§ Available data:
__________

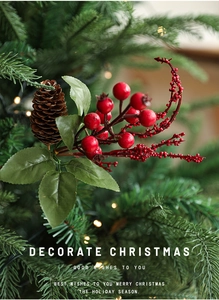 Macro detail of Christmas pine cone picks with red berries and lush green leaves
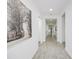 Bright and spacious hallway with tile floors and large wall art, leading to other rooms at 7901 Dausset St, Orlando, FL 32827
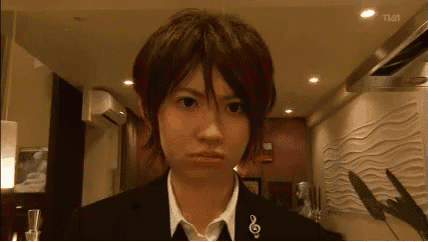 a woman in a suit has a treble clef embroidered on her shirt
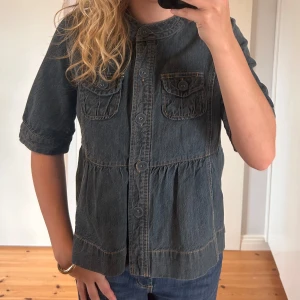 Jeansjacka med kort ärm från Indiska - Säljer en snygg jeansjacka/topp från Indiska med korta ärmar och knappar framtill. Jackan/toppen har två bröstfickor med knappdetaljer och en fin broderad detalj på insidan. Perfekt för hösten🍁🌬️🍂💙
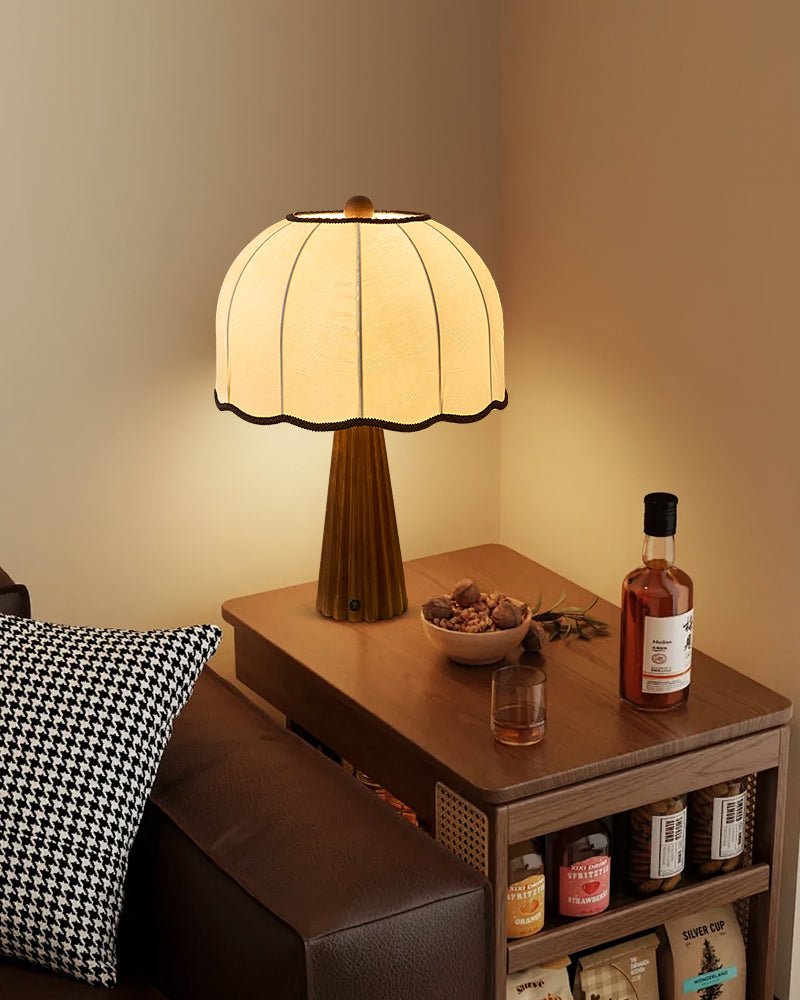 Scalloped shade lamp lit on a side table beside a bottle and a tray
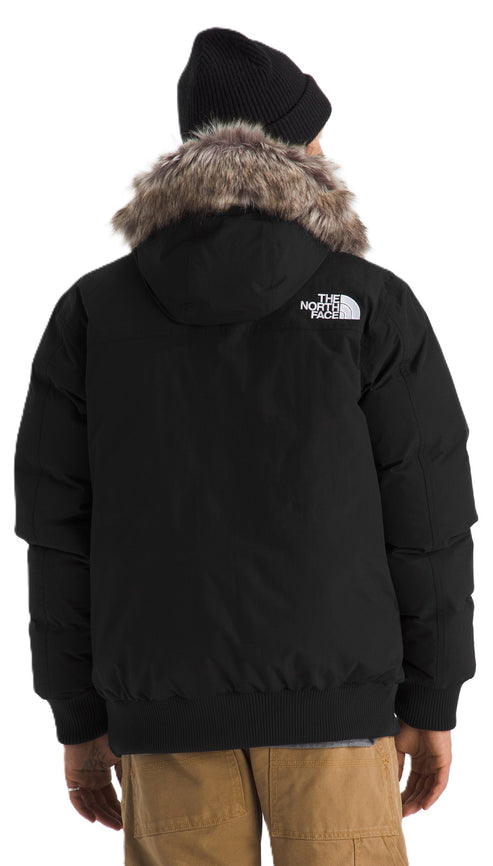 Back view of a person wearing a black hooded down jacket with faux fur trim and a black beanie.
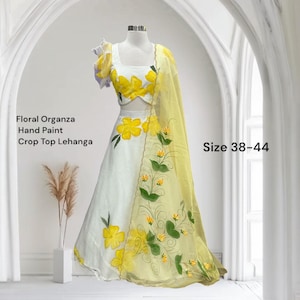 May include: A white and yellow floral organza crop top lehenga. The hand-painted design features large yellow flowers and green leaves. The outfit includes a matching dupatta. The text on the image reads "Floral Organza Hand Paint Crop Top Lehenga" and "Size 38-44".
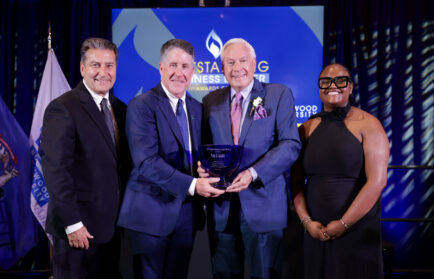 Four people in formal attire stand on stage; two men in the center hold a blue glass award, while two others, a man and a woman, stand on either side of them.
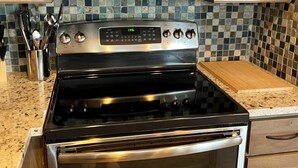 Eine Küche mit Edelstahlgeräten, darunter eine Mikrowelle und ein Backofen, sowie Holzausstattung.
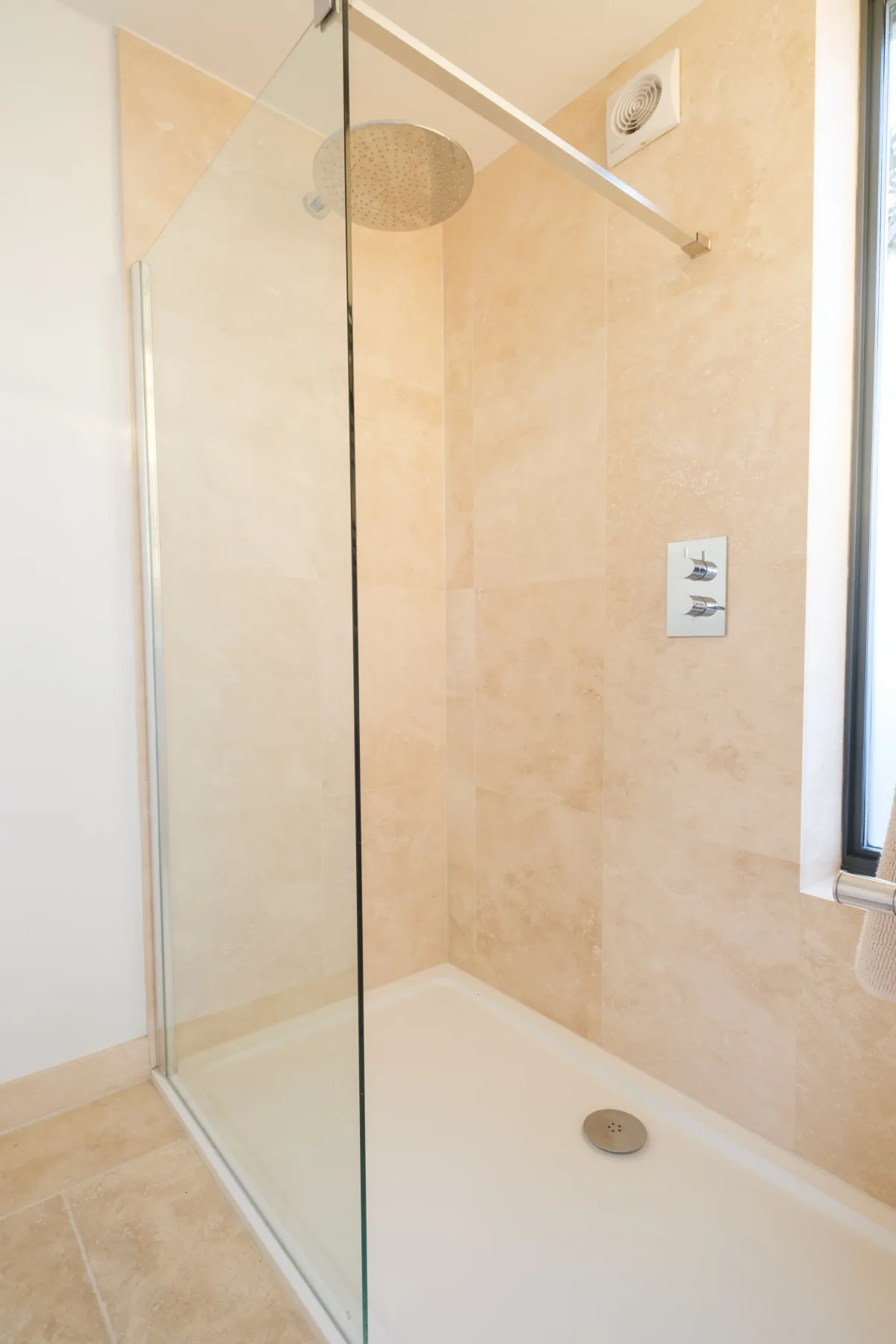 Una ducha con azulejos, un panel de vidrio y un cabezal de ducha en la pared.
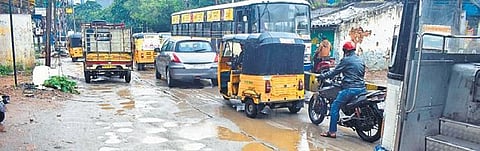 To make the roads motorable for motorists, it would take some time to fill the potholes as dry weather should prevail to take up the patching works. (Photo | Express)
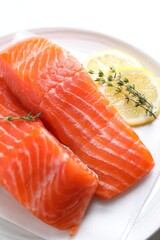 Pieces of fresh salmon with thyme and lemon on white table, above view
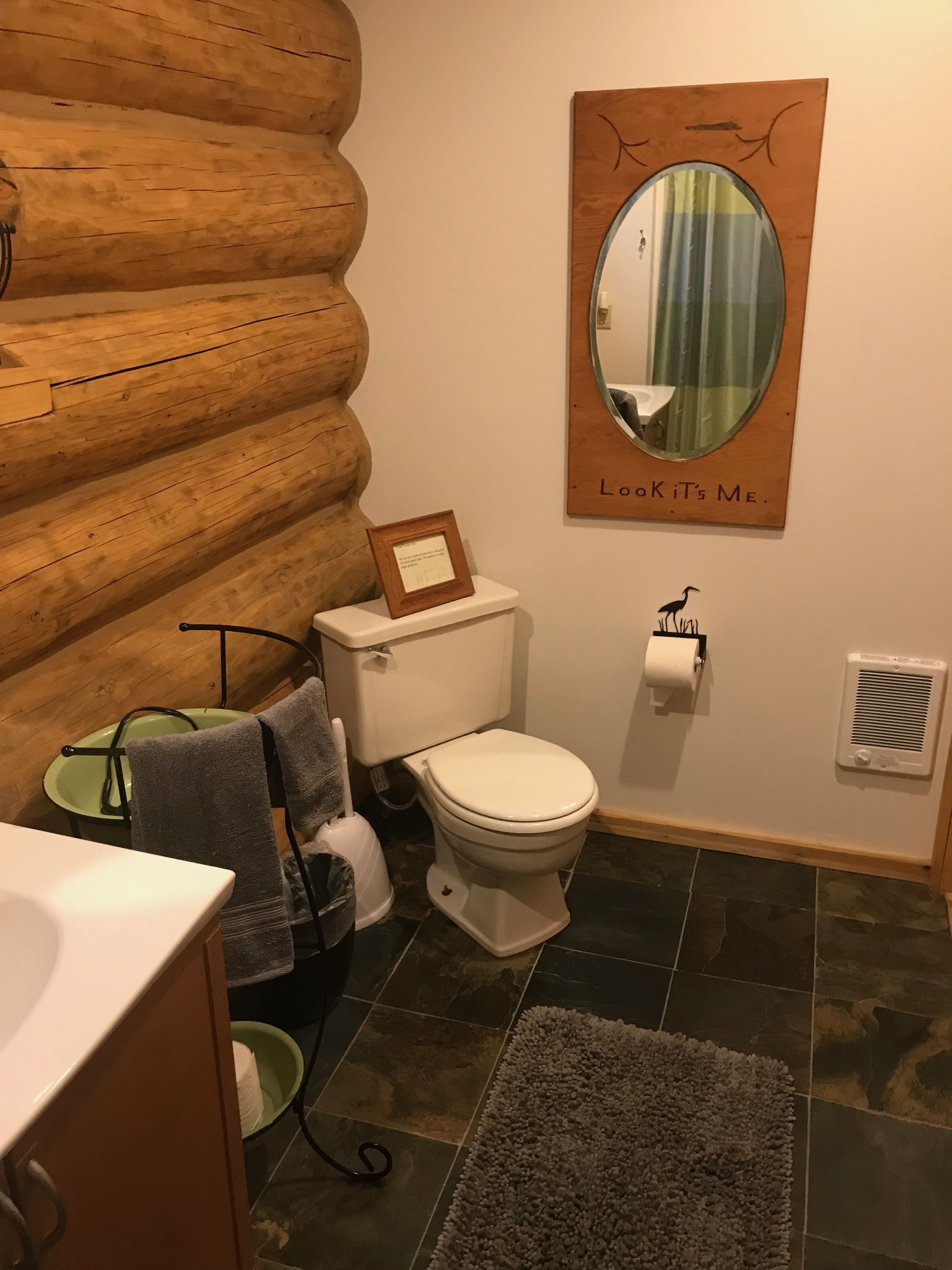 Une salle de bain avec un mur en rondins de bois, des toilettes, un lavabo, un miroir et un porte-serviettes.
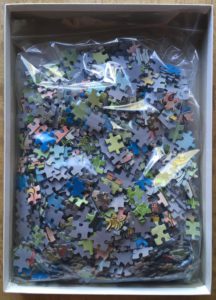 Image of the puzzle 1000, Puzzelman, Grin and Bare it!, by Rooie Oortjes, Complete, Picture of the bag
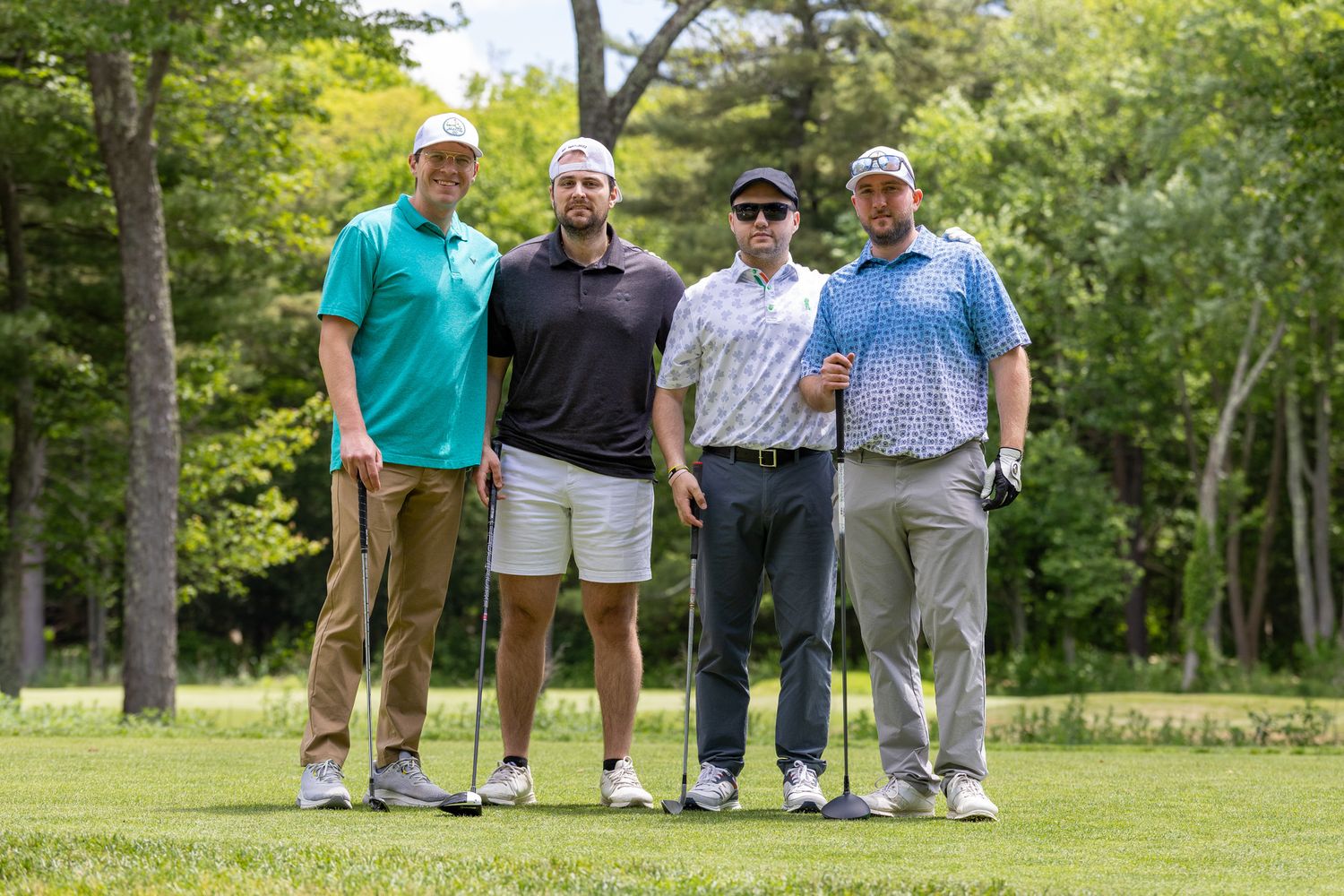 Four men posing with golf clubs on a lush green golf course on a sunny day.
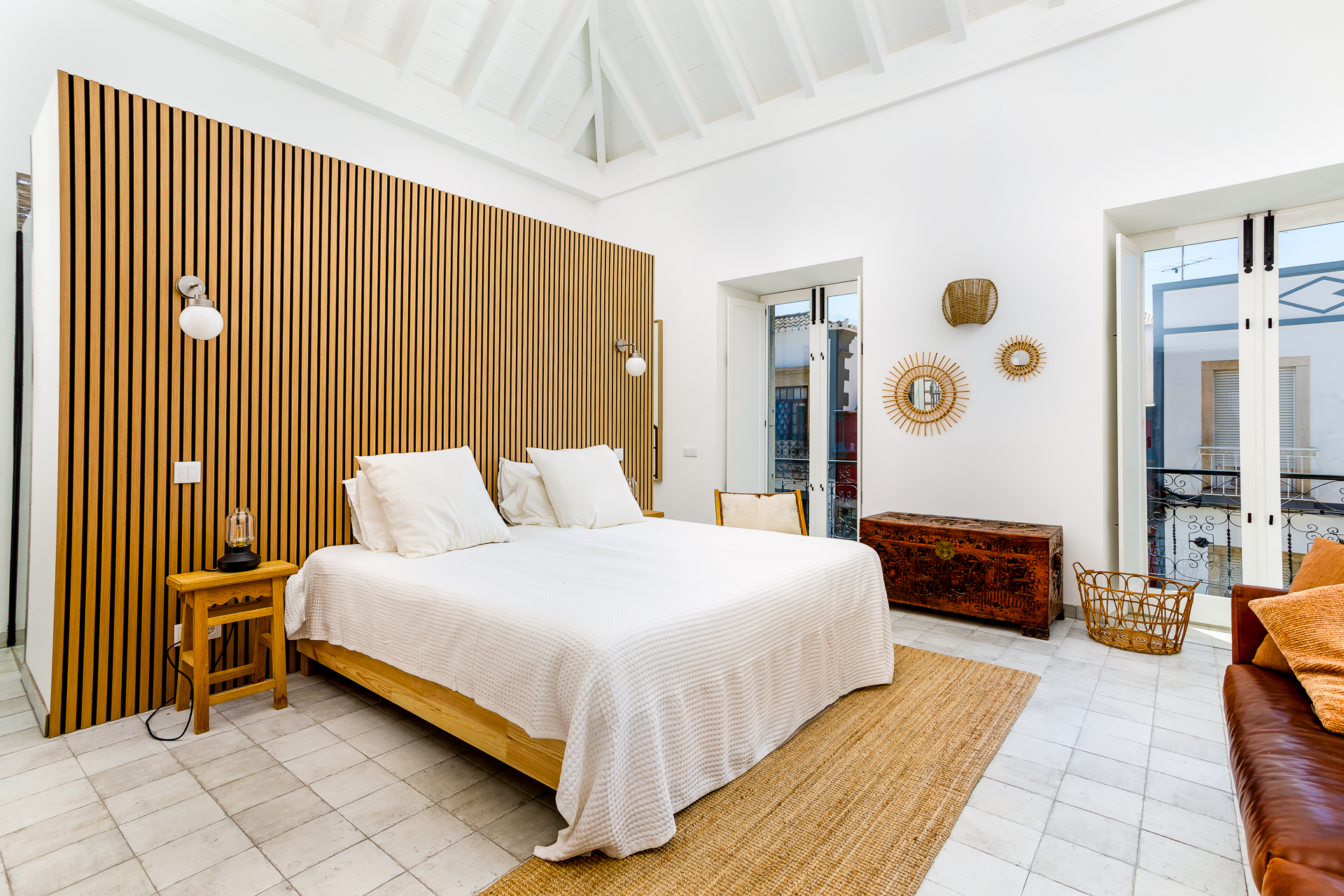 Luxury villa interior — open-plan living space with natural light and studio flash blend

__________

§ Task statement:
Output the entries above exactly. Drop the pictures.

§ Output below:
 Macro detail of Christmas pine cone picks with red berries and lush green leaves
 Bright and spacious hallway with tile floors and large wall art, leading to other rooms at 7901 Dausset St, Orlando, FL 32827
 a woman in a suit has a treble clef embroidered on her shirt
 Jeansjacka med kort ärm från Indiska - Säljer en snygg jeansjacka/topp från Indiska med korta ärmar och knappar framtill. Jackan/toppen har två bröstfickor med knappdetaljer och en fin broderad detalj på insidan. Perfekt för hösten🍁🌬️🍂💙
 Scalloped shade lamp lit on a side table beside a bottle and a tray
 Back view of a person wearing a black hooded down jacket with faux fur trim and a black beanie.
 May include: A white and yellow floral organza crop top lehenga. The hand-painted design features large yellow flowers and green leaves. The outfit includes a matching dupatta. The text on the image reads "Floral Organza Hand Paint Crop Top Lehenga" and "Size 38-44".
 Four people in formal attire stand on stage; two men in the center hold a blue glass award, while two others, a man and a woman, stand on either side of them.
 Eine Küche mit Edelstahlgeräten, darunter eine Mikrowelle und ein Backofen, sowie Holzausstattung.
 Una ducha con azulejos, un panel de vidrio y un cabezal de ducha en la pared.
 To make the roads motorable for motorists, it would take some time to fill the potholes as dry weather should prevail to take up the patching works. (Photo | Express)
 Pieces of fresh salmon with thyme and lemon on white table, above view
 Une salle de bain avec un mur en rondins de bois, des toilettes, un lavabo, un miroir et un porte-serviettes.
 Image of the puzzle 1000, Puzzelman, Grin and Bare it!, by Rooie Oortjes, Complete, Picture of the bag
 Four men posing with golf clubs on a lush green golf course on a sunny day.
 Luxury villa interior — open-plan living space with natural light and studio flash blend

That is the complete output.